## What the exercise asks
Please output only the lines that run from the line containing "Funda MagSafe para" through the end of the material below, exactly.

## Record set

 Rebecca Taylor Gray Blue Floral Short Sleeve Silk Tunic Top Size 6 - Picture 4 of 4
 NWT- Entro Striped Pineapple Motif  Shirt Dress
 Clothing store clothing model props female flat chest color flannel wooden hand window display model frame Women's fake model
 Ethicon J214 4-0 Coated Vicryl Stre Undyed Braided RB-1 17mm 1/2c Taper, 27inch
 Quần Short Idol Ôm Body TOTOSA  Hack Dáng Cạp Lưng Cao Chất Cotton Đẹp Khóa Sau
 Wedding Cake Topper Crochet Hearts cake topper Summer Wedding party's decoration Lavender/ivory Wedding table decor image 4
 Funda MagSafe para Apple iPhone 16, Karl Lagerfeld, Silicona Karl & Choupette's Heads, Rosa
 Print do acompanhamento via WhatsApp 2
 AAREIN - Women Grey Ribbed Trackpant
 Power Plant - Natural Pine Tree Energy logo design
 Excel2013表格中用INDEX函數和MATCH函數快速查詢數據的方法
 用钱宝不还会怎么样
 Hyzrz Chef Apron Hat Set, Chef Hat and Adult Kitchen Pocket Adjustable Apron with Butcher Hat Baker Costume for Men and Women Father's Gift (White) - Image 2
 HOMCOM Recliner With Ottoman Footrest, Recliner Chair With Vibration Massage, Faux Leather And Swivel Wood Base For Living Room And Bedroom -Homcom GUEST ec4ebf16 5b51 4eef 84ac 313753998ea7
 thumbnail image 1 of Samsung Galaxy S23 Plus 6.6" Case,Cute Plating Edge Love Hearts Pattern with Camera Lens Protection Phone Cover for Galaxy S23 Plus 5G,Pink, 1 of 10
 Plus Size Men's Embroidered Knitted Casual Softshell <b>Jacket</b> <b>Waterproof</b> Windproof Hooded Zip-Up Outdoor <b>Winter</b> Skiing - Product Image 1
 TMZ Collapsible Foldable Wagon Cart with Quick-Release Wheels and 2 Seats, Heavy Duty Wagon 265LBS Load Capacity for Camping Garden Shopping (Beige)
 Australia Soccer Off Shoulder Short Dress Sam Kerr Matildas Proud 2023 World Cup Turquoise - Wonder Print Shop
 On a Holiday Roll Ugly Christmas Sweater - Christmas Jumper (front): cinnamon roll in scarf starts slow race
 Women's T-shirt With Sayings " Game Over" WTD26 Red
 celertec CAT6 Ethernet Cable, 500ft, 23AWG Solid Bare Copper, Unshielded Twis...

## Exercise solution
 Funda MagSafe para Apple iPhone 16, Karl Lagerfeld, Silicona Karl & Choupette's Heads, Rosa
 Print do acompanhamento via WhatsApp 2
 AAREIN - Women Grey Ribbed Trackpant
 Power Plant - Natural Pine Tree Energy logo design
 Excel2013表格中用INDEX函數和MATCH函數快速查詢數據的方法
 用钱宝不还会怎么样
 Hyzrz Chef Apron Hat Set, Chef Hat and Adult Kitchen Pocket Adjustable Apron with Butcher Hat Baker Costume for Men and Women Father's Gift (White) - Image 2
 HOMCOM Recliner With Ottoman Footrest, Recliner Chair With Vibration Massage, Faux Leather And Swivel Wood Base For Living Room And Bedroom -Homcom GUEST ec4ebf16 5b51 4eef 84ac 313753998ea7
 thumbnail image 1 of Samsung Galaxy S23 Plus 6.6" Case,Cute Plating Edge Love Hearts Pattern with Camera Lens Protection Phone Cover for Galaxy S23 Plus 5G,Pink, 1 of 10
 Plus Size Men's Embroidered Knitted Casual Softshell <b>Jacket</b> <b>Waterproof</b> Windproof Hooded Zip-Up Outdoor <b>Winter</b> Skiing - Product Image 1
 TMZ Collapsible Foldable Wagon Cart with Quick-Release Wheels and 2 Seats, Heavy Duty Wagon 265LBS Load Capacity for Camping Garden Shopping (Beige)
 Australia Soccer Off Shoulder Short Dress Sam Kerr Matildas Proud 2023 World Cup Turquoise - Wonder Print Shop
 On a Holiday Roll Ugly Christmas Sweater - Christmas Jumper (front): cinnamon roll in scarf starts slow race
 Women's T-shirt With Sayings " Game Over" WTD26 Red
 celertec CAT6 Ethernet Cable, 500ft, 23AWG Solid Bare Copper, Unshielded Twis...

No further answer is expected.